◆ Data for review:
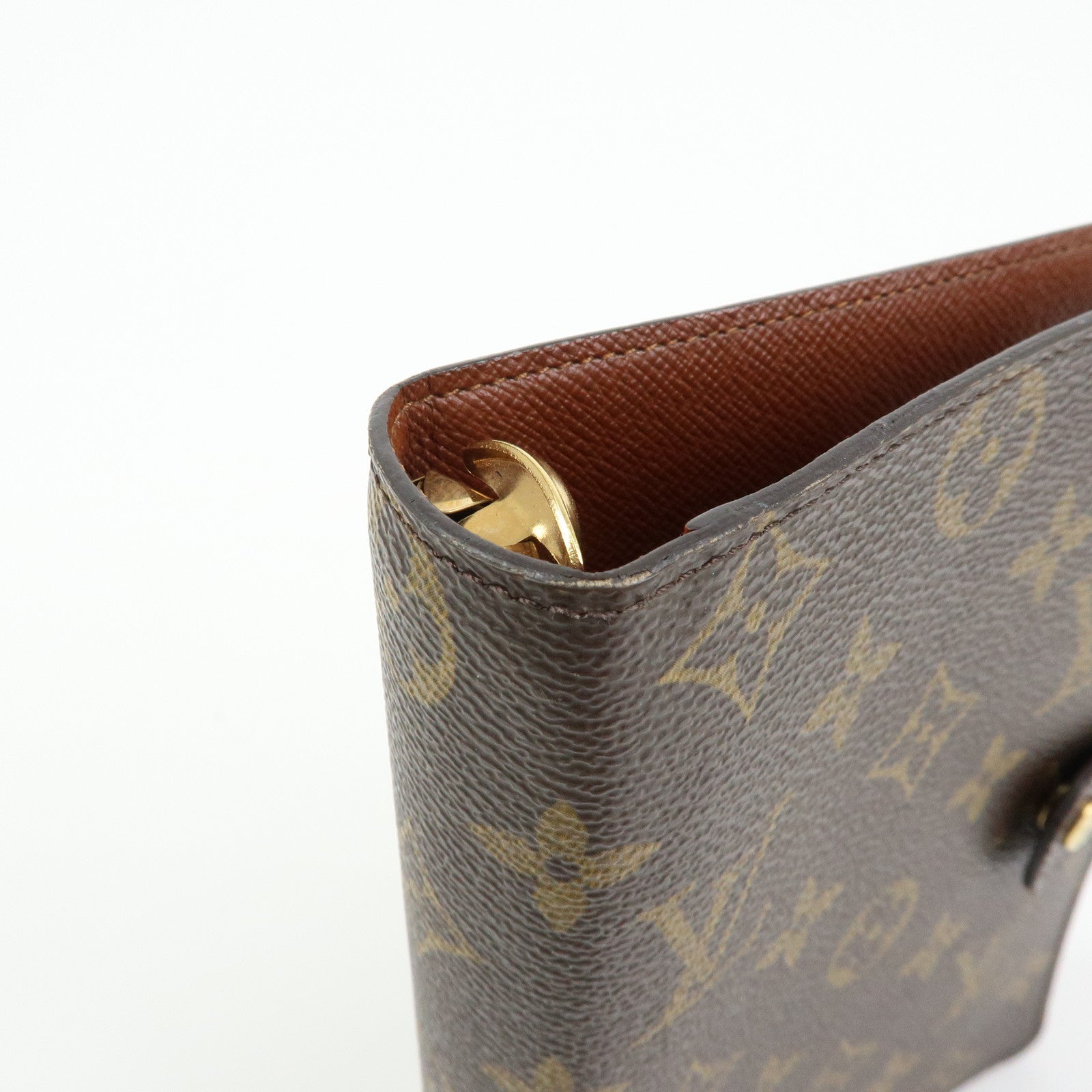 Louis Vuitton Monogram Agenda MM Planner Cover Brown R20105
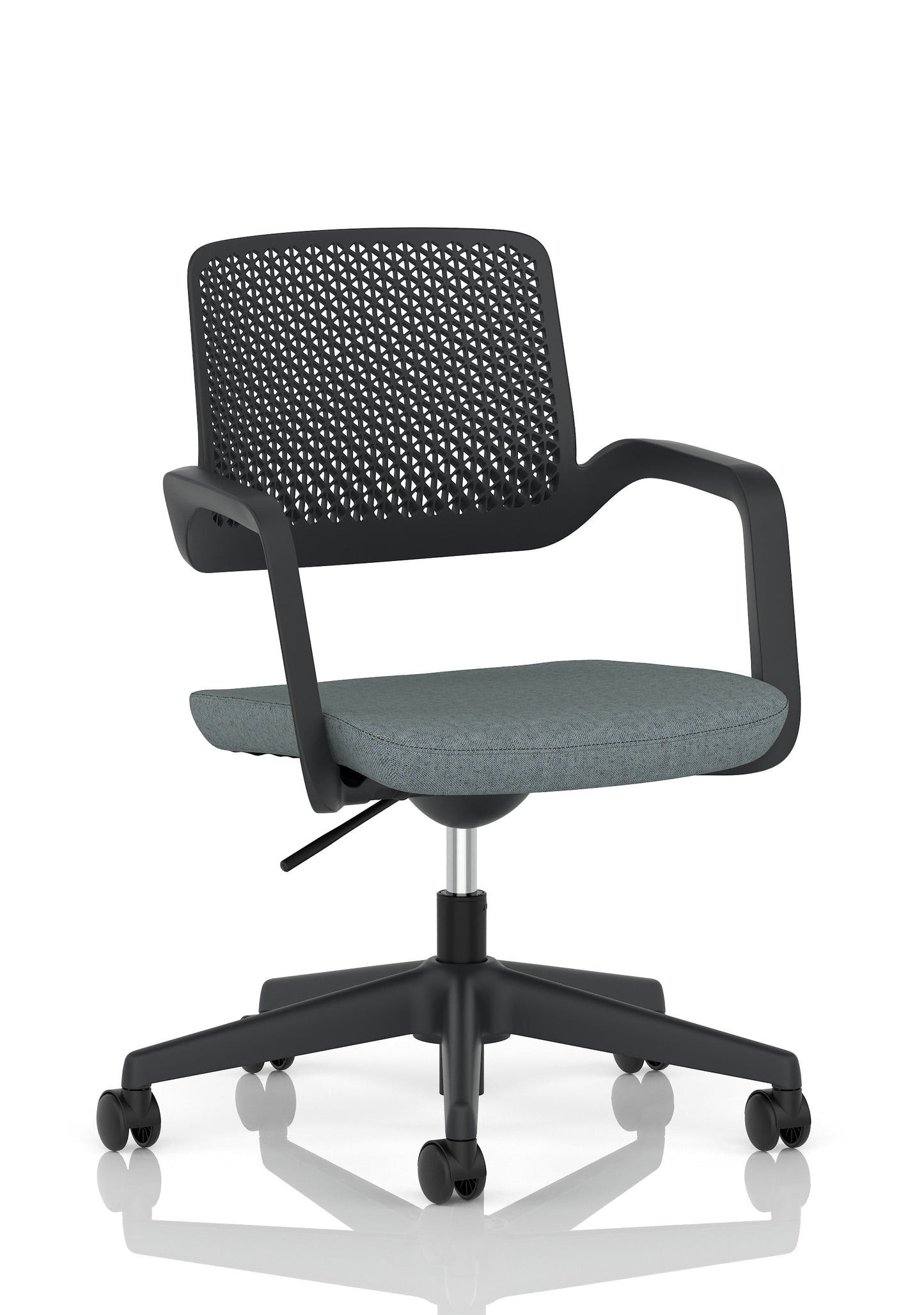 Cosmo Task Operator Chair Black Bespoke Rivet Tensile - Industrious Decor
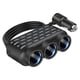 thumbnail image 2 of Adaptador divisor para encendedor de cigarrillos de 120W con carga rápida PD3.1 - puertos USB dobles de 12V/24V y 3 enchufes para frigorífico de coche, cámara de salpicadero, GPS, 2 of 8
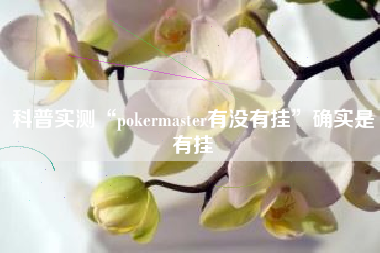 科普实测“pokermaster有没有挂”确实是有挂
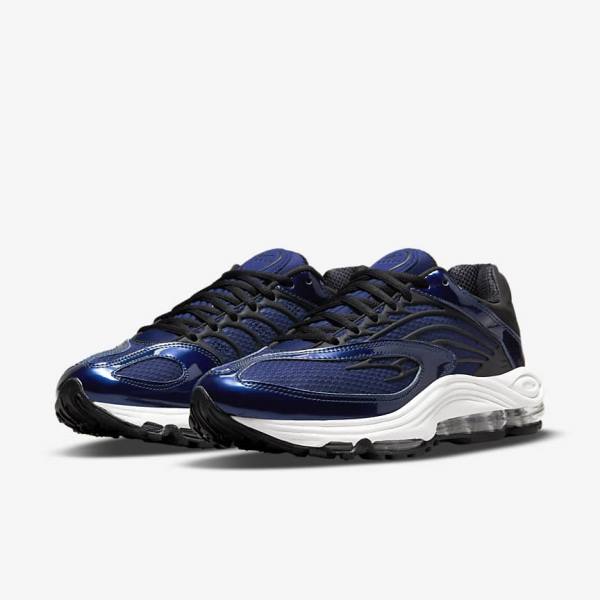 Men's Nike Air Tuned Max Sneakers Blue / White / Black | NK906RWQ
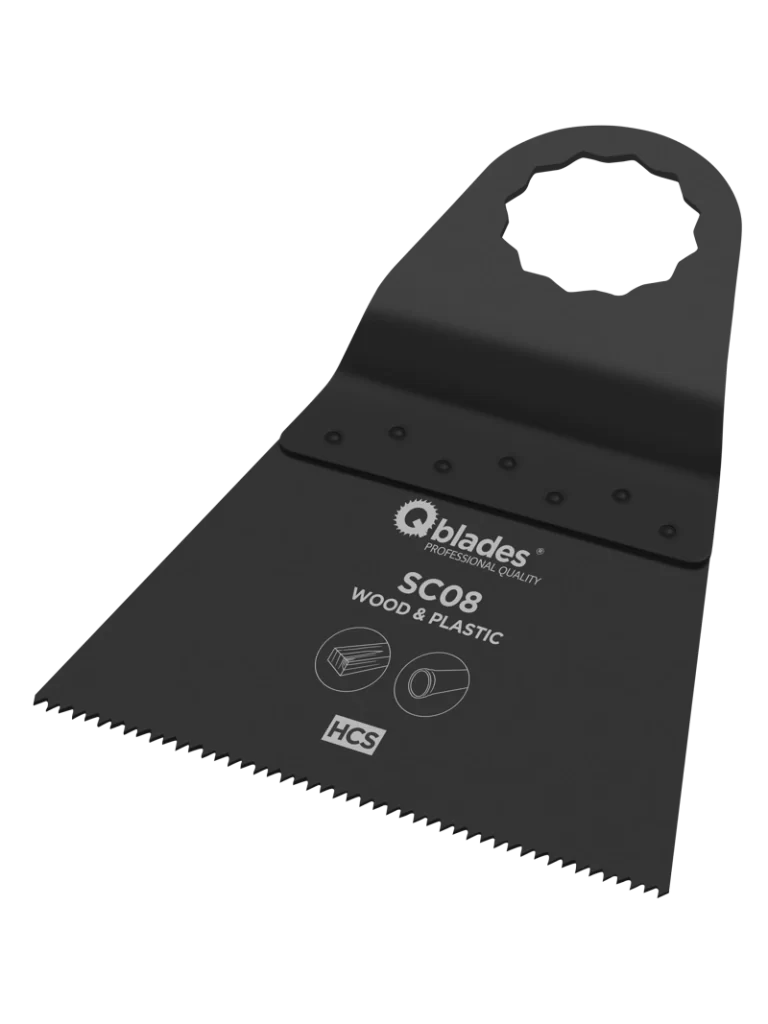 Qblades MultiZaagblad Standaard 18tpi 65x42mm HCS SC08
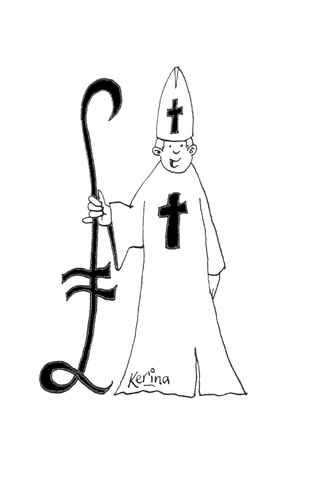 Cartoon: Spirituality (medium) by Kerina Strevens tagged religion,symbols,spirituality,money,church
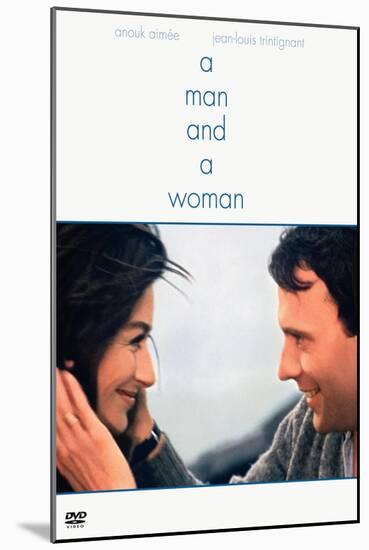 A Man and a Woman, 1966-null-Mounted Art Print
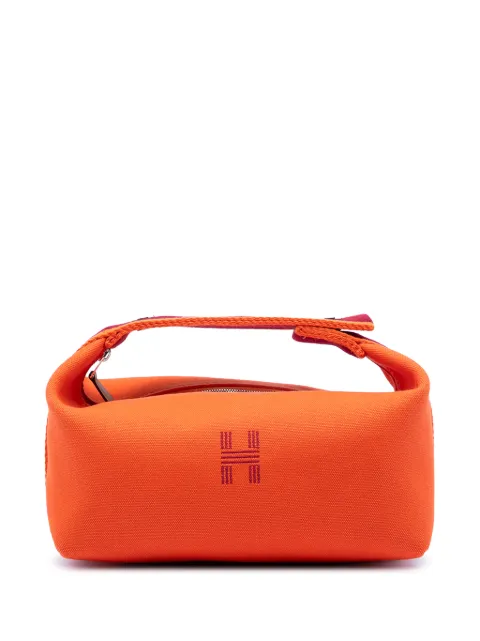 Hermès Pre-Owned 2000-2025 Small Toile Bride A Brac Case vanity bag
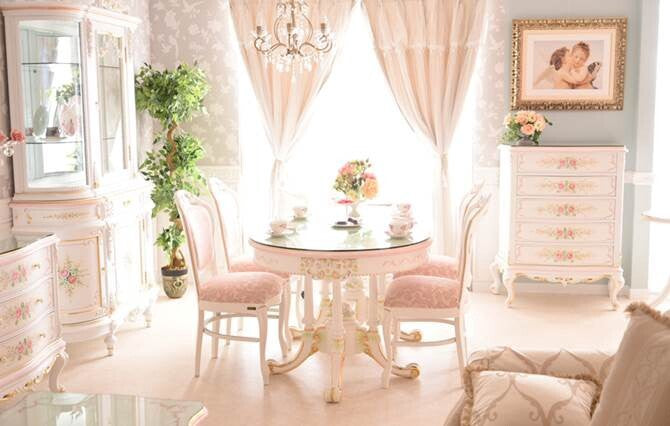 ダイニングテーブル 160オーバル アンティーク調 ROCOCOアントワネット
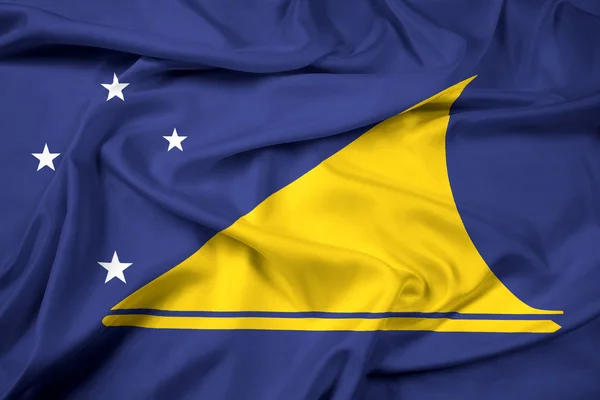 Waving Flag of Tokelau — Stock Photo, Image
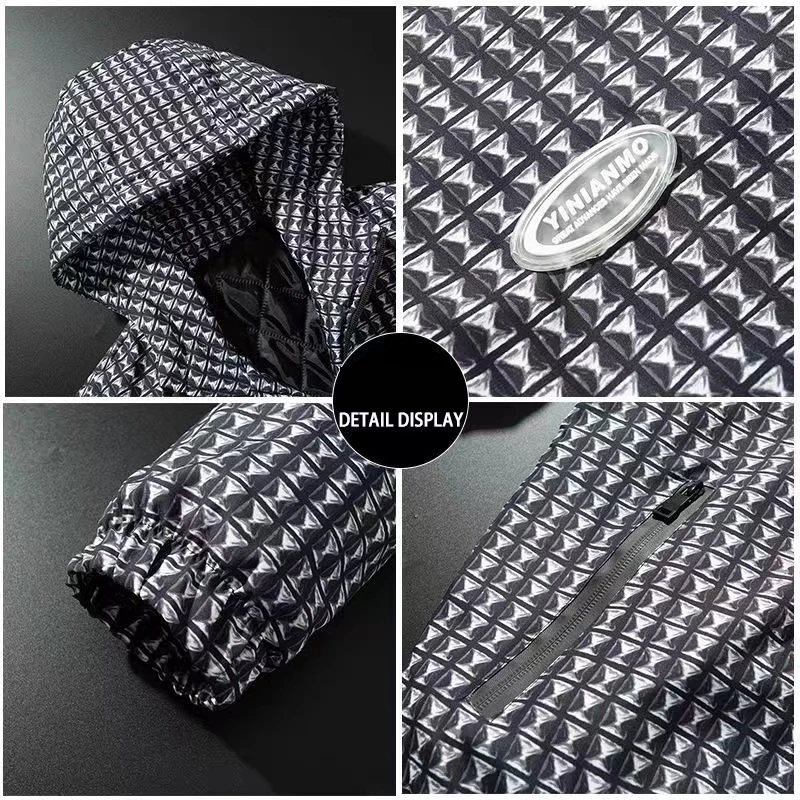 2021 New Men's Cotton-padded Jacket Winter Thick And Warm Male Jacket Korean Style Trendy Cotton Clothing Large Size Coat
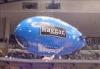 PVC Blue Inflatable Advertising Balloons 4m Indoor Inflatable Remote Controlled Airship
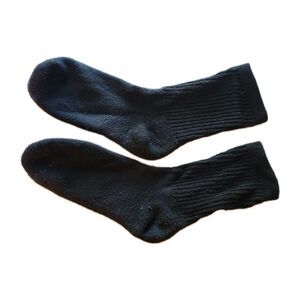 Hanes Kids Crew Socks Black 12 Pairs
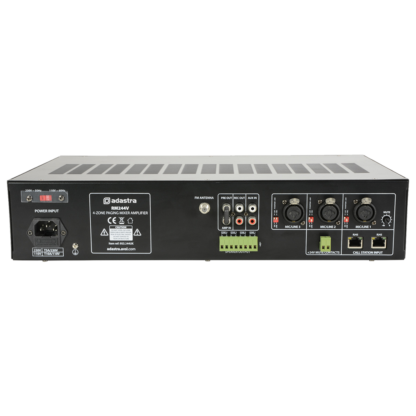 Adastra RM244V 240w 100v line mixer amplifier with MP3 & Bluetooth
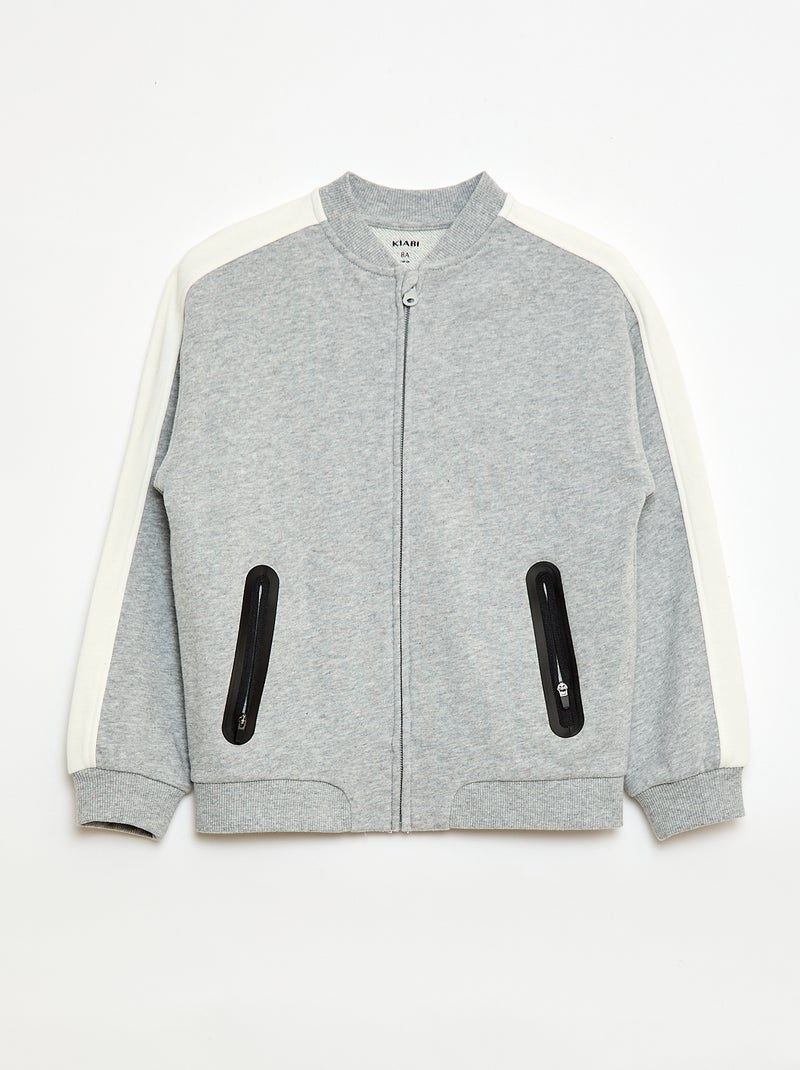 Tweekleurig sportvest Grijs - Kiabi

◆ Task directions: What is needed is a verbatim copy of every entry, with the pictures omitted.

◆ Expected output:
 Louis Vuitton Monogram Agenda MM Planner Cover Brown R20105
 Cosmo Task Operator Chair Black Bespoke Rivet Tensile - Industrious Decor
 thumbnail image 2 of Adaptador divisor para encendedor de cigarrillos de 120W con carga rápida PD3.1 - puertos USB dobles de 12V/24V y 3 enchufes para frigorífico de coche, cámara de salpicadero, GPS, 2 of 8
 科普实测“pokermaster有没有挂”确实是有挂
 Men's Nike Air Tuned Max Sneakers Blue / White / Black | NK906RWQ
 Qblades MultiZaagblad Standaard 18tpi 65x42mm HCS SC08
 Cartoon: Spirituality (medium) by Kerina Strevens tagged religion,symbols,spirituality,money,church
 A Man and a Woman, 1966-null-Mounted Art Print
 Hermès Pre-Owned 2000-2025 Small Toile Bride A Brac Case vanity bag
 ダイニングテーブル 160オーバル アンティーク調 ROCOCOアントワネット
 Waving Flag of Tokelau — Stock Photo, Image
 2021 New Men's Cotton-padded Jacket Winter Thick And Warm Male Jacket Korean Style Trendy Cotton Clothing Large Size Coat
 PVC Blue Inflatable Advertising Balloons 4m Indoor Inflatable Remote Controlled Airship
 Hanes Kids Crew Socks Black 12 Pairs
 Adastra RM244V 240w 100v line mixer amplifier with MP3 & Bluetooth
 Tweekleurig sportvest Grijs - Kiabi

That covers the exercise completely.